PROBLEM TO WORK ON:
Could you please retype the records exactly, minus their pictures?

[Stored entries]
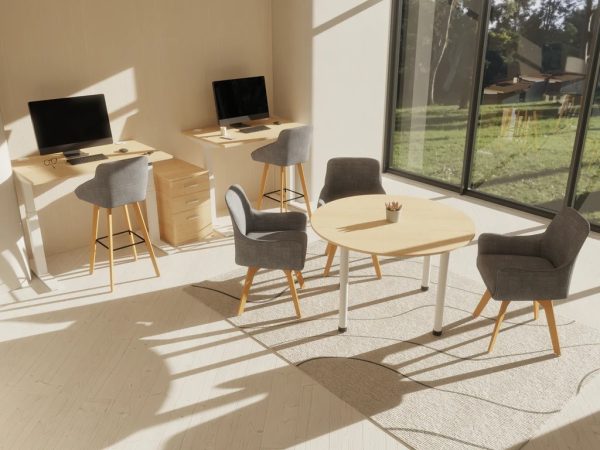 height adjustable desk in room shot with coffee table and office chairs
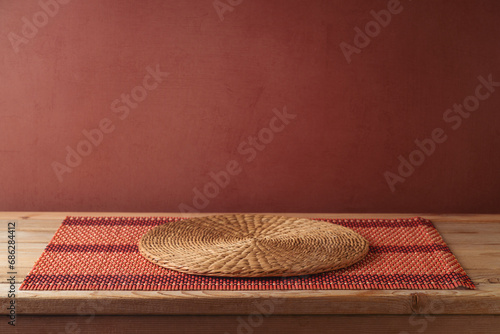 Empty wooden table with bamboo tablecloth and place mat over brown wall background.  Kitchen mock up for design and product display photo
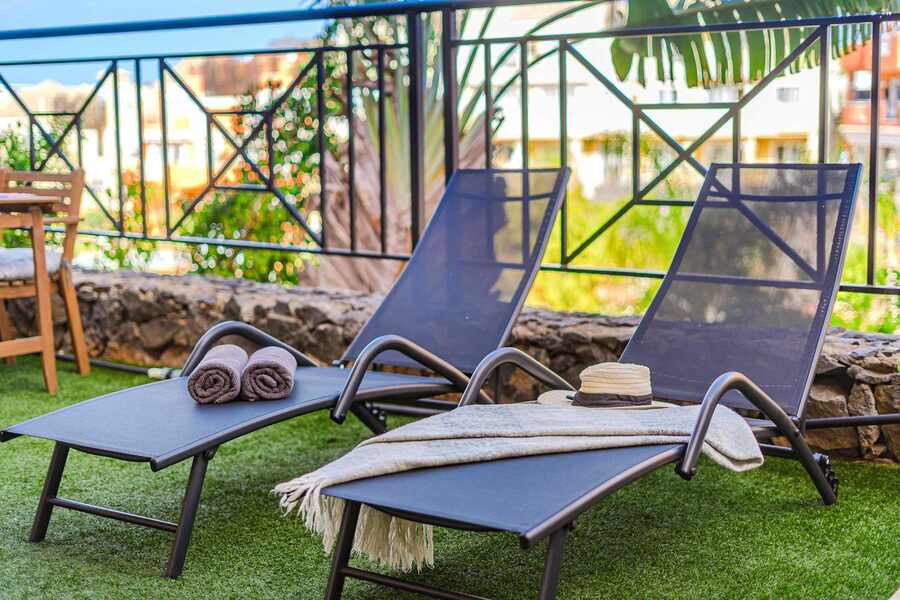 Private Sun Terrace with Comfortable Sun Loungers and Garden Views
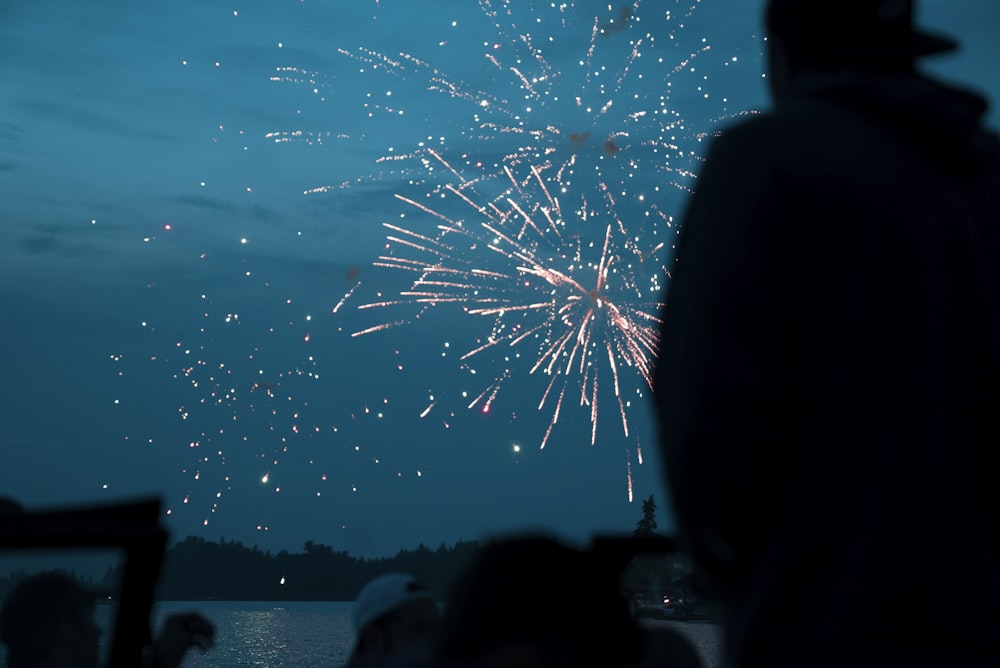 a crowd of people watching a fireworks display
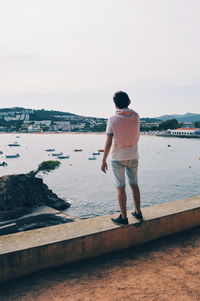 Rear view of man looking at sea against sky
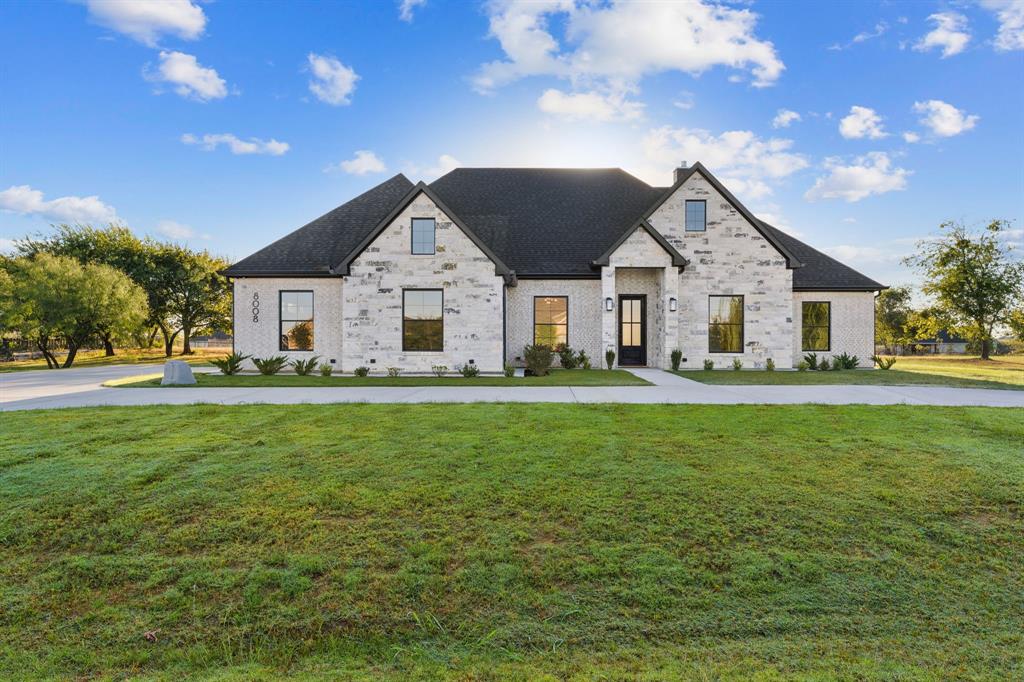 8008 Ben Day Murrin Road Fort Worth, TX 76126 - Photo 37 of 40 a front view of house with yard and green space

FINISHED EXERCISE:
 height adjustable desk in room shot with coffee table and office chairs
 Empty wooden table with bamboo tablecloth and place mat over brown wall background.  Kitchen mock up for design and product display photo
 Private Sun Terrace with Comfortable Sun Loungers and Garden Views
 a crowd of people watching a fireworks display
 Rear view of man looking at sea against sky
 8008 Ben Day Murrin Road Fort Worth, TX 76126 - Photo 37 of 40 a front view of house with yard and green space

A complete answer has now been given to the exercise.